Desde el movimiento sindical y las organizaciones territoriales, la discusión adquiere una dimensión adicional. La reforma de la Ley de Glaciares es leída como parte de un paquete más amplio de políticas orientadas a reducir costos productivos y ampliar márgenes de rentabilidad para grandes capitales, paralelamente con cambios en la legislación laboral. En esa interpretación, ambiente y trabajo no son dimensiones separadas, sino variables interdependientes en la disputa por el modelo económico.

La reforma de la Ley de Glaciares expone una de las discusiones más complejas de la agenda pública actual: cómo compatibilizar la necesidad de crecimiento económico con la preservación de recursos estratégicos y derechos esenciales. El debate no se agota en la dicotomía entre minería y ambiente, sino que interpela la calidad institucional, la transparencia en la toma de decisiones y el tipo de desarrollo que se proyecta a largo plazo.

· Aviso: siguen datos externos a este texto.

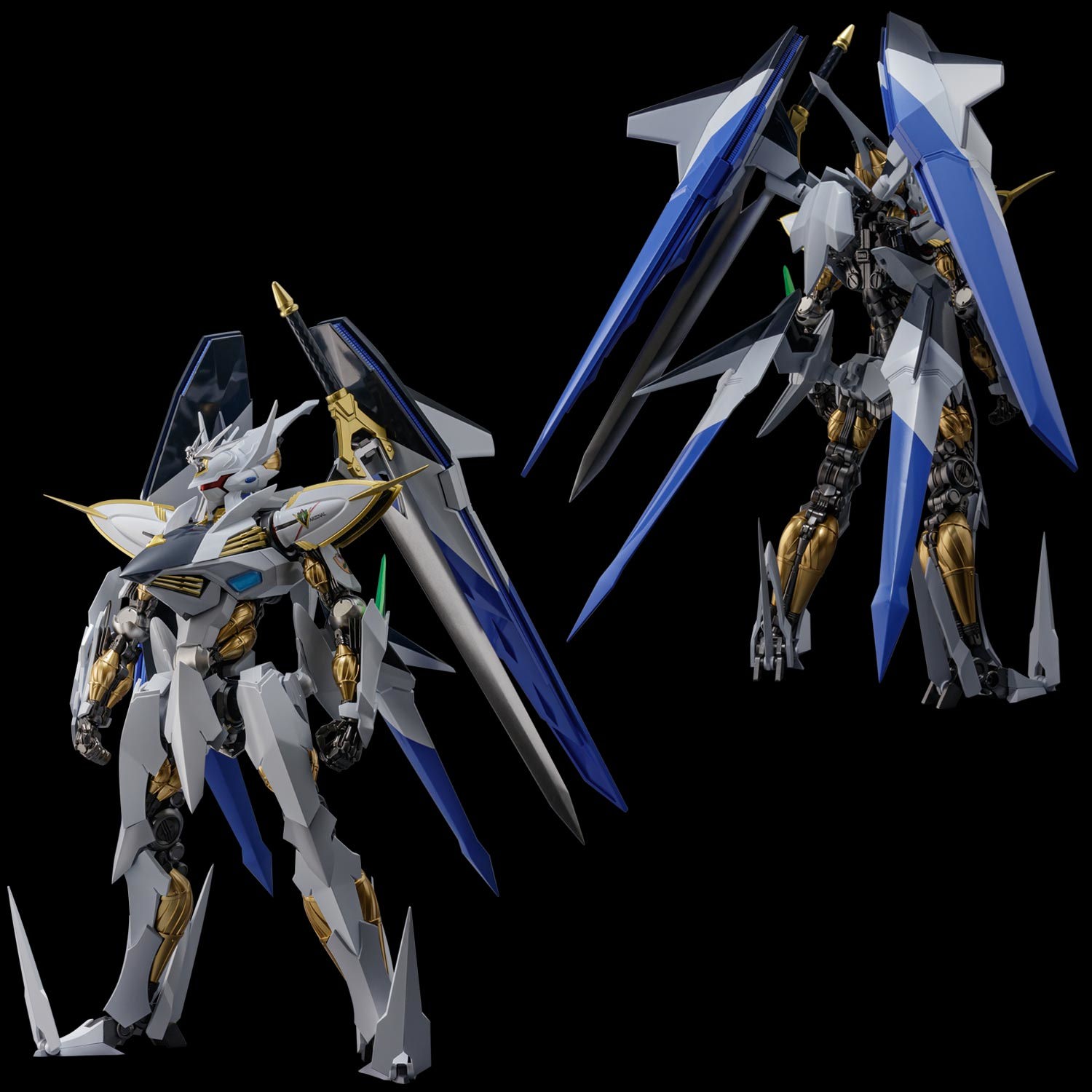 CROSS ANGE: Rondo of Angel and Dragon Riobot Villkiss (PX Exclusive) Collectible Figure  (Prototype Shown) View 14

La audiencia pública, lejos de saldar diferencias, dejó al descubierto una fractura profunda entre los argumentos oficiales y las advertencias de amplios sectores sociales, científicos y productivos. Bajo estas circunstancias, el futuro de la ley no solo dependerá de mayorías legislativas, sino también de la capacidad del sistema político para procesar demandas, garantizar participación genuina y sostener un equilibrio que, en última instancia, definirá el acceso al agua y las condiciones de vida de las próximas generaciones.